Ez. 12, 1-12
Sal. 77
Mt. 18, 21 – 19, 1
Aunque es nuestra piedra de tropezar, como una china que se nos mete en el zapato y nos incomoda, sin embargo he de decir que el mensaje del Evangelio, el mensaje que hoy nos quiere trasmitir Jesús está tan claro que no necesita ningún comentario. Sin embargo digamos algo.
‘Acercándose Pedro a Jesús le preguntó: Señor, si mi hermano me ofende ¿cuántas veces le tengo que perdonar? ¿hasta siete veces?... No te digo hasta siete veces, sino hasta setenta veces siete... Toda aquella deuda te la perdoné porque me lo pediste. ¿No debías tú también tener compasión de tu compañero, como yo tuve compasión de ti?’
Pero, ¿es que tengo que perdonarle otra vez?, nos preguntamos nosotros también tantas veces. Tantas veces que te he perdonado, ¿no serás capaz tú también de perdonar a tu hermano?
Es cierto que cuando nos encontramos con aquel que nos haya hecho daño, nos ha ofendido, ha levantado una calumnia contra nosotros, los sentimientos y resentimientos afloran de nuevo en nuestro corazón. Cuando nos tocan en una herida saltamos y lo que queremos es que la herida se cure, pero aun la piel en la cicatriz queda con una cierta sensibilidad. Pero eso no significa que no hemos de sanarnos de esa herida y olvidarnos de ella, aunque nos cueste.
Claro que el tema del perdón que nos plantea Jesús no es sólo cuestión de nuestra voluntad o de unos sentimientos que queremos cambiar. Hemos de poner de nuestra parte todo lo que podamos. Pero es algo superior. Algo que no podremos lograr sin la ayuda de la gracia de Dios.
No olvidemos cuantas veces Jesús nos dice en el Evangelio que seamos ‘perfectos como nuestro Padre celestial es perfecto... santos como Santo es el Padre del cielo... como el Padre es compasivo...’ Tenemos que parecernos a Dios. ‘Tened entre vosotros los mismos sentimientos de Cristo Jesús’, nos dice el apóstol san Pablo. Llenarnos de la santidad de Dios, de la grandeza de Dios, del amor de Dios, de la vida de Dios.
‘Venid a mí y aprended de mi, que soy manso y humilde de corazón’, nos dice Jesús.
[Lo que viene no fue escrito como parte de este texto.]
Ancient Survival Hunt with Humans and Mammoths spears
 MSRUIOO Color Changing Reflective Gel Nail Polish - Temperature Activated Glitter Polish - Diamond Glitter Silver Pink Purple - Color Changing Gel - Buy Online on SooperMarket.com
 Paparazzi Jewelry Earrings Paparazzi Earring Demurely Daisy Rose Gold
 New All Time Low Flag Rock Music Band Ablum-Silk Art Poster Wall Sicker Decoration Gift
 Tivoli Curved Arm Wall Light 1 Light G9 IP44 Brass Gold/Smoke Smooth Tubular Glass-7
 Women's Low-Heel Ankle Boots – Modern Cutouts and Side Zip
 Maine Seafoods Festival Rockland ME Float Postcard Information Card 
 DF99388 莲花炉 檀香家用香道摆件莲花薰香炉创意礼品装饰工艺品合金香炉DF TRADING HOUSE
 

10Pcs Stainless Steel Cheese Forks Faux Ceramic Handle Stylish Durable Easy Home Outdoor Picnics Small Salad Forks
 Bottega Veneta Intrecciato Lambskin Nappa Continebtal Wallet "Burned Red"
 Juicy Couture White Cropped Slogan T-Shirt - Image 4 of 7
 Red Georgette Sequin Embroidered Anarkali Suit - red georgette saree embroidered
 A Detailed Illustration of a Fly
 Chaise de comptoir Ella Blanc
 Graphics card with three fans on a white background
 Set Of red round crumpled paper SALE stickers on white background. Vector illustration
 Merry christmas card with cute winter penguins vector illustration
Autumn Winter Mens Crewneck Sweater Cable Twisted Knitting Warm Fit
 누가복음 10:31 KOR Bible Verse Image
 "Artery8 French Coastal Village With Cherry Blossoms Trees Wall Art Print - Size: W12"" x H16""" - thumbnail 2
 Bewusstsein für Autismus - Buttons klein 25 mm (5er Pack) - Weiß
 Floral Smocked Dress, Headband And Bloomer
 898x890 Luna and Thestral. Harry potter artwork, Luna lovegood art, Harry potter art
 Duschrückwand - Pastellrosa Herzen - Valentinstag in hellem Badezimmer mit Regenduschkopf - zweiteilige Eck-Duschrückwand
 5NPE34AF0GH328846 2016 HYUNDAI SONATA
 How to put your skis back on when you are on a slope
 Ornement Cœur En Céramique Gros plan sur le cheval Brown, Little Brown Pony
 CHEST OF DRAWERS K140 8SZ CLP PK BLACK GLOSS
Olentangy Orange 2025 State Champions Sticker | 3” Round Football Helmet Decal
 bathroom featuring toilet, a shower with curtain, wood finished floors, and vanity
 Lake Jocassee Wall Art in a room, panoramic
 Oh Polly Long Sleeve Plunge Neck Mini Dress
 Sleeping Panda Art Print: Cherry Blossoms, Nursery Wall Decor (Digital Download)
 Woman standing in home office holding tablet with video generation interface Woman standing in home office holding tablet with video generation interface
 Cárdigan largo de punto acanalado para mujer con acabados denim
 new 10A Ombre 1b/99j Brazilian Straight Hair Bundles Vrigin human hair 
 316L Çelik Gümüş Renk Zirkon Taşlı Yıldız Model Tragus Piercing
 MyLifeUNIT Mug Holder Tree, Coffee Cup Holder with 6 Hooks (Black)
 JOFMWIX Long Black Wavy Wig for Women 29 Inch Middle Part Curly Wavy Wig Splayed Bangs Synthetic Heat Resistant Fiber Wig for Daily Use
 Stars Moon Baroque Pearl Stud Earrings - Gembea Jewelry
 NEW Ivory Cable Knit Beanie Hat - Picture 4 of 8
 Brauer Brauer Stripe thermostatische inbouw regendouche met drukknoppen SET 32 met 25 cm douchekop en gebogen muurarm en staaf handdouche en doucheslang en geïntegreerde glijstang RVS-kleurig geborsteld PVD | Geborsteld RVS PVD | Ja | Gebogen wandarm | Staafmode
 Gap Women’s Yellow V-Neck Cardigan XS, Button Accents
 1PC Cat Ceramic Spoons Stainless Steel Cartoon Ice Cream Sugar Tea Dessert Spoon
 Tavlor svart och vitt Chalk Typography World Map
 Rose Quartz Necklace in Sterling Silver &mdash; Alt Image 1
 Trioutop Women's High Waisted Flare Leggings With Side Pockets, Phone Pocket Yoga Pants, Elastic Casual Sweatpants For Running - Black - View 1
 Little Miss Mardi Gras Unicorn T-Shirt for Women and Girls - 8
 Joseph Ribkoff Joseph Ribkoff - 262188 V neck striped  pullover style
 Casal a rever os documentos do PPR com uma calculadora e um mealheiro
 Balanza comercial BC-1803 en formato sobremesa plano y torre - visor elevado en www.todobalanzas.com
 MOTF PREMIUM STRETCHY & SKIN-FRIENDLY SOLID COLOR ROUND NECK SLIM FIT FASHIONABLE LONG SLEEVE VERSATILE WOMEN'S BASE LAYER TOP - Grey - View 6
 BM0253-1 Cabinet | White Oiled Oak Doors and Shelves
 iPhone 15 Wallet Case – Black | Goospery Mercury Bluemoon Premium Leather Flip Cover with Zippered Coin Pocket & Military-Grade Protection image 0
Es la mansedumbre y la humildad lo que necesitamos. Los mansos y los humildes poseerán a Dios, y nos llama Jesús dichosos si somos mansos y humildes. La capacidad del perdón está en la humildad. Cuando nos hieren o nos ofenden, no son las palabras en sí, sino que nos sentimos heridos en nuestro amor propio, y aflora el orgullo en nuestro interior, porque nos vemos humillados en aquello que nos ha hecho. No nos veamos humillados sino seamos humildes. La mansedumbre ablanda los corazones y les da capacidad de amar y de perdonar.
Pidamos al Señor que seamos capaces. Que nos llenemos de mansedumbre. Que haya humildad en nuestras vidas porque hayamos puesto mucho amor. El amor es el que nos sana y nos llena de vida. El que nos dará capacidad para perdonar. Desaparecerá esa china del zapato de nuestra vida y podremos caminar con una nueva alegría en nuestro corazón.
Recuerda, pues, cuanto te ha amado Dios y cuanto te ha perdonado, y serás entonces compasivo con el hermano y sabrás perdonar.